What are the goals I see for the Yacht Basin? To protect the City’s beautiful shore and river view.  It is iconic, historic, it is why thousands travel to our city each year.  It must be preserved and protected.  There must be pedestrian safety and access.  We are a walkable community.  There must be safety with respect to the traffic pattern, it must be efficient, effective, and it must be conducive to parking access, which is another big issue.  We want to promote harmony with residential, business, and tourism interests.  I want to hear from all interested parties and all citizens will have a voice.  I want to see a partnership and cooperation with existing restaurants and businesses in the Yacht Basin to promote historic preservation and economic development. We must have sidewalks, lighting, a storm water drainage plan, not only for the Yacht Basin, but for our entire city.

We are working towards our City Dock being repaired and are continuing to work towards an overall stabilization of our 4000 feet of waterfront.  I recommend water quality protection, access management—pedestrian access—traffic safety, appearance standards, historic preservation, signage that is appropriate, building  height limit, efficient land use, storm water management, environmental protection, and controlled growth and economic development while promoting a working historic heritage waterfront.  This will require not only input from our citizens, but will also require engineering recommendations to help achieve the goals I have listed and goals from you the citizens.  The science of engineering will help guide us, just as engineers have done with respect to my goal for regionalization of our sewer system and for the restoration of the Southport Weather Tower.

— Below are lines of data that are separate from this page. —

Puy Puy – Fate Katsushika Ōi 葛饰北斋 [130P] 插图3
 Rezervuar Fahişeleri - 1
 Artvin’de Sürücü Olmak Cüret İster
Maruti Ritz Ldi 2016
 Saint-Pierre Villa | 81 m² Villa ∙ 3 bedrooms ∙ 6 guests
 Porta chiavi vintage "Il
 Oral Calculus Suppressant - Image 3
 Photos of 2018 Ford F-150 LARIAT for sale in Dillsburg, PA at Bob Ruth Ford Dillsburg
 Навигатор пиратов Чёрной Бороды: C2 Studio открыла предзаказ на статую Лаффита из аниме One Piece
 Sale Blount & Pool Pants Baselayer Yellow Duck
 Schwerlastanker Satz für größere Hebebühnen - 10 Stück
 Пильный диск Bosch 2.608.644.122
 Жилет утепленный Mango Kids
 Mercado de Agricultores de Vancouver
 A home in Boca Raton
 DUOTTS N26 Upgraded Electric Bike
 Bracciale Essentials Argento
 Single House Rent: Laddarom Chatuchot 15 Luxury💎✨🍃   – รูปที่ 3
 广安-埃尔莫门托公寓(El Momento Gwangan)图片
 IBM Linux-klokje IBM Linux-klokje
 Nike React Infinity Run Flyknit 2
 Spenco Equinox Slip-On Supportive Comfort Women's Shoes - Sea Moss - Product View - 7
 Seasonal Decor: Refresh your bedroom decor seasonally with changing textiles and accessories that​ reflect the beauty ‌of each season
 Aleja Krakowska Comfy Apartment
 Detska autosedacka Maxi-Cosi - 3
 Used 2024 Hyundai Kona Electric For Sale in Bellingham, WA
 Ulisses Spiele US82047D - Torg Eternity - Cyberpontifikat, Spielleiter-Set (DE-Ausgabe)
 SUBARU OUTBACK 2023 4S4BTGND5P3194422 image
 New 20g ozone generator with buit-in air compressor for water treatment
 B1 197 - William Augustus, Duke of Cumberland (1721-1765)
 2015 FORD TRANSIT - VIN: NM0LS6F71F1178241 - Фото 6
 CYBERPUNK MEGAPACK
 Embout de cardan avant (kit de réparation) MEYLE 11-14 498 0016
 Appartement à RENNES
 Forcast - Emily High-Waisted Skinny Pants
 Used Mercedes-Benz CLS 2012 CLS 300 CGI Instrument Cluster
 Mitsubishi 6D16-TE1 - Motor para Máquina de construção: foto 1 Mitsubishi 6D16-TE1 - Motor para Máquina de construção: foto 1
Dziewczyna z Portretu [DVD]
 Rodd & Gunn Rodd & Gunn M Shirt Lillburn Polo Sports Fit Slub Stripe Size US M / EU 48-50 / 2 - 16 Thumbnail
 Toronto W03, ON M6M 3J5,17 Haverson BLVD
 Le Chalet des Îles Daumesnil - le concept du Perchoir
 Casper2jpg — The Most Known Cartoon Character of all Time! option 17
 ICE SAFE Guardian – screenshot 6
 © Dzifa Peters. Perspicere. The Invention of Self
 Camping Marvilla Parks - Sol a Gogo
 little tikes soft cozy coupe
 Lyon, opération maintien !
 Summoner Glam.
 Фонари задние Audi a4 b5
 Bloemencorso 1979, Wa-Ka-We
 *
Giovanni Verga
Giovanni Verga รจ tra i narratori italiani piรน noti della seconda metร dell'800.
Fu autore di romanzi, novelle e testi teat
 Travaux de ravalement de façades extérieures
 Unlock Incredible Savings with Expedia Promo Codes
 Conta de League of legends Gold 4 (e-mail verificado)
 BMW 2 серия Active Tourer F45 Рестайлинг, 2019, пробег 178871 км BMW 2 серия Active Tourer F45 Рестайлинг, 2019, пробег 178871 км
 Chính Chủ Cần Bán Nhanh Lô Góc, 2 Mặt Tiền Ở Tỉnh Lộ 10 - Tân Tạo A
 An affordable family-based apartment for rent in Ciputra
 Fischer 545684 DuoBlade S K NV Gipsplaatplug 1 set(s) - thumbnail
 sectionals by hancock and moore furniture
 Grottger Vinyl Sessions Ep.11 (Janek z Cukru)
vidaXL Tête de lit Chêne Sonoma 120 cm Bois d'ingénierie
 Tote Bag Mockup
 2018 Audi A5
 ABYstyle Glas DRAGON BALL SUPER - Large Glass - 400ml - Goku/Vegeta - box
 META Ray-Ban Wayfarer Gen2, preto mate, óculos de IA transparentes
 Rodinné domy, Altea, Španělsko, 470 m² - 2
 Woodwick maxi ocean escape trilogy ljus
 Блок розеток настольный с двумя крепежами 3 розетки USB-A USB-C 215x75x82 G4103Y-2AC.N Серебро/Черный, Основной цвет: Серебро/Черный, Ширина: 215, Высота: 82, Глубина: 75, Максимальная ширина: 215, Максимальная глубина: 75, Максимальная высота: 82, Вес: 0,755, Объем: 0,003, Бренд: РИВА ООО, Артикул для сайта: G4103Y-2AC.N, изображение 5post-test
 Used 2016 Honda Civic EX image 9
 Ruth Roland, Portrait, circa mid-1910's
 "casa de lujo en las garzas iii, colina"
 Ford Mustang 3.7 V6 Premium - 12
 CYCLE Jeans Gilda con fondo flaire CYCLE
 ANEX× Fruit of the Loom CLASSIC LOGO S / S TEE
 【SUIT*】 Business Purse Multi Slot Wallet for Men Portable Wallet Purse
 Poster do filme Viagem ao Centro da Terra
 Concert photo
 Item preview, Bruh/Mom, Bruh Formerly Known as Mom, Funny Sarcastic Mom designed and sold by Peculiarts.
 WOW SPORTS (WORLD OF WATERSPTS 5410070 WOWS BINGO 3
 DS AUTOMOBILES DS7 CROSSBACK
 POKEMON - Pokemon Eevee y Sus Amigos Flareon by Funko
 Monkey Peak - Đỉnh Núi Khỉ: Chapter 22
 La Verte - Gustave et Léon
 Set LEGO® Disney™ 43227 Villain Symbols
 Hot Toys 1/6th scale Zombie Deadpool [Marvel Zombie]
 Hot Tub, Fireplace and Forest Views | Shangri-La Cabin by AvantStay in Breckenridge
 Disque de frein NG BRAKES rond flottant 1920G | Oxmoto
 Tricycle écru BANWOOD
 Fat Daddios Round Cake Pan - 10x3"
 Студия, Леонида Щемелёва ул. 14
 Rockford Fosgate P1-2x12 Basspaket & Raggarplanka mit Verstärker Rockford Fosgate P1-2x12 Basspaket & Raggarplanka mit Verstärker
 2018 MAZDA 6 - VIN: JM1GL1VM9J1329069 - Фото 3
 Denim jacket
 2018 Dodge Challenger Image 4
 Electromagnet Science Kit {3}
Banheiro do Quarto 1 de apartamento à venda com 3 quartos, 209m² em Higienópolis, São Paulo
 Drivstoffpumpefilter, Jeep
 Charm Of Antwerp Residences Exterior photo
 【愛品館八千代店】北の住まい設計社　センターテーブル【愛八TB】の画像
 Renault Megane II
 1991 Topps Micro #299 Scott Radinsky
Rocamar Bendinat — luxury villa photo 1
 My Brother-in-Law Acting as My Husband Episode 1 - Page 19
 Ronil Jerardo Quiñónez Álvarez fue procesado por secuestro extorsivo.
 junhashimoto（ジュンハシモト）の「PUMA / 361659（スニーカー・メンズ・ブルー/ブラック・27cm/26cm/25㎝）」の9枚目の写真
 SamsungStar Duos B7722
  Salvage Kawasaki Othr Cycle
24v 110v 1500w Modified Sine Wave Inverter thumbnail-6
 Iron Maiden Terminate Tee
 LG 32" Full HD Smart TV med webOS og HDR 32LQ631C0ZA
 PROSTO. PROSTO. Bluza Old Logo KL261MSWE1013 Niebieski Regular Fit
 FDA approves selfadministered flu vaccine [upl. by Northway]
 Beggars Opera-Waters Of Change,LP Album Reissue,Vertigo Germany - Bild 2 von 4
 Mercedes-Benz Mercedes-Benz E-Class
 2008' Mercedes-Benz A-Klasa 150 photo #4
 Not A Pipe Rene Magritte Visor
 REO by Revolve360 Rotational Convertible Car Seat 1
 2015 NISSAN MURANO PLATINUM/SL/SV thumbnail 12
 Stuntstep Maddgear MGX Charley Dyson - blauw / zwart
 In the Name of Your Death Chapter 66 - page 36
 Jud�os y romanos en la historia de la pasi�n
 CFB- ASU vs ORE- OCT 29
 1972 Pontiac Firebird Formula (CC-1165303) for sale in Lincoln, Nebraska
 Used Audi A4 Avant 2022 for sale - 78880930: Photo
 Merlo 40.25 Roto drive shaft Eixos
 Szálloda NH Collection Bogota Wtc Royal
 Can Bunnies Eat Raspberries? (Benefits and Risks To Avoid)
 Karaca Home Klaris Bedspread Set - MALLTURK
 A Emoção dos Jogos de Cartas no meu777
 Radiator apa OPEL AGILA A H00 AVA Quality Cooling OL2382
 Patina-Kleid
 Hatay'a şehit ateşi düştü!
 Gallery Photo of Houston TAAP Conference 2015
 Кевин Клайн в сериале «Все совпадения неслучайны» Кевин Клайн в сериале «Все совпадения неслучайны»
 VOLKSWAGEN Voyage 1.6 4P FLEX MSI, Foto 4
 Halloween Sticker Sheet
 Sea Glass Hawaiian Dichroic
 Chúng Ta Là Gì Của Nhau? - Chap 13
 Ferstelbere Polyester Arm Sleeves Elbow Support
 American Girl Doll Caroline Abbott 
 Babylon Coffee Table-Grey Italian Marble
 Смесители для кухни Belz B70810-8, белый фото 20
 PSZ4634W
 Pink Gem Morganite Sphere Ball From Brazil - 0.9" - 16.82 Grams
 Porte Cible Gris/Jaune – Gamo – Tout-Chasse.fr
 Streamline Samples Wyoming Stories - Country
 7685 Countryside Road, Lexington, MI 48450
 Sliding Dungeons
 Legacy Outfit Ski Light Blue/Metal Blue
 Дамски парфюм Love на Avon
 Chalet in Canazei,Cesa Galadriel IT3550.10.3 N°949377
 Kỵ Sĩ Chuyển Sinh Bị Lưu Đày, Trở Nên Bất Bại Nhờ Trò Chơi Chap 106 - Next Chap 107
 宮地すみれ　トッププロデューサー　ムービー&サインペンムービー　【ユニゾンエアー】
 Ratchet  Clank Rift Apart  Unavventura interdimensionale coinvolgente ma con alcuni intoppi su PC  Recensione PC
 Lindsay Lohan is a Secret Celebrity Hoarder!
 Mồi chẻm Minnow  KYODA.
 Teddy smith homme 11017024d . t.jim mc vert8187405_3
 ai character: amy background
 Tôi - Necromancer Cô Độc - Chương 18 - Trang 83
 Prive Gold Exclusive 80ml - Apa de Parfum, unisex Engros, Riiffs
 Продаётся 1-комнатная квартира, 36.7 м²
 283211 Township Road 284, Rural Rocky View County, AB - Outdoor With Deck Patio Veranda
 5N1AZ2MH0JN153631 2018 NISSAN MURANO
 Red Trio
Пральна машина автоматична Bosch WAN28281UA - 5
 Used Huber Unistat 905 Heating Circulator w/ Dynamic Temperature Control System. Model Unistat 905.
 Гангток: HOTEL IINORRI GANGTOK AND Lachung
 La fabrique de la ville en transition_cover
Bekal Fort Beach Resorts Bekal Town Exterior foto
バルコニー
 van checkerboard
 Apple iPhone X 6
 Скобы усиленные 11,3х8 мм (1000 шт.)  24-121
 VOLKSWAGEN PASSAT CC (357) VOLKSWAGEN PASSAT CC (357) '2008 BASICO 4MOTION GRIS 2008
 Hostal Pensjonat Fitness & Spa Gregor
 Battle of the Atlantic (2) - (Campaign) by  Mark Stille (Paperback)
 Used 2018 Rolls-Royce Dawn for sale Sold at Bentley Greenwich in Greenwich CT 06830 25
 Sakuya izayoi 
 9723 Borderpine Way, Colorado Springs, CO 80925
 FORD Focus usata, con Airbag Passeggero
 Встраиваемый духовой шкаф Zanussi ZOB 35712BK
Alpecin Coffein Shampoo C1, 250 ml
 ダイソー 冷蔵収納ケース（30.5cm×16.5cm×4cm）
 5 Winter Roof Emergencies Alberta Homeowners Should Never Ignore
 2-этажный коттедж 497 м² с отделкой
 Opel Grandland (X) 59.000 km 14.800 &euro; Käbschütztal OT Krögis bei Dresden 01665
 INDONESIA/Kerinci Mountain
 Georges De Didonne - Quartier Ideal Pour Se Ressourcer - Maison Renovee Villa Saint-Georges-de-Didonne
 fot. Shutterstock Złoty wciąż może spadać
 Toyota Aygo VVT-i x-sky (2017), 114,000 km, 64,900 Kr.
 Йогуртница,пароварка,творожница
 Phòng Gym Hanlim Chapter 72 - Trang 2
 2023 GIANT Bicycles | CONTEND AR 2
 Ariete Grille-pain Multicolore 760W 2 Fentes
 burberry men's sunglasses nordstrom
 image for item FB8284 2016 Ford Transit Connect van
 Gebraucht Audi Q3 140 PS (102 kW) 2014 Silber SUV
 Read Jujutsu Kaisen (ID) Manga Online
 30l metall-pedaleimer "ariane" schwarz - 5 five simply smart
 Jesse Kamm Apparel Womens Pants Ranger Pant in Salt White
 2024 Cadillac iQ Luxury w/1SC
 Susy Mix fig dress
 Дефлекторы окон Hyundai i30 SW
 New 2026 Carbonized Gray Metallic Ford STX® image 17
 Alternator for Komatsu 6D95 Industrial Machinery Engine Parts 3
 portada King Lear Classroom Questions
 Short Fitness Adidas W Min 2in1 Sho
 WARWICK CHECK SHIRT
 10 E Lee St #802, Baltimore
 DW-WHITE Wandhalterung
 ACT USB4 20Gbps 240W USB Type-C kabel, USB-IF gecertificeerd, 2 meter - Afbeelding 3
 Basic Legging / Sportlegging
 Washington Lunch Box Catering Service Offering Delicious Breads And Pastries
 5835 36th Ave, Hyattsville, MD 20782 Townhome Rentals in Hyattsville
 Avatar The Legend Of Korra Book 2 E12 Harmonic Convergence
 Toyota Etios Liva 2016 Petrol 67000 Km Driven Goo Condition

I have already heard from many citizens and have met with them, masks on, physical distancing, and listened to concerns from traffic pattern recommendations such as making West Bay Street and Yacht Basin Drive one way, to how this may not be possible due to the high tides, to closing Brunswick Street to vehicular traffic, to reversing traffic on Short Street.  We must remember the effects of rising ocean levels to higher tides and more severe and more frequent hurricanes, all which will need to factor into the engineering plans and be included in an overall strategic engineering plan from how wide can the roads be , what material to use, how we can  preserve permeable surface, parking, traffic patterns, safety, environmental issues and historic preservation while realizing the Yacht Basin is part of the tourism economic engine and helps to make wonderful memories for our visitors, our families and all of us who call Southport home.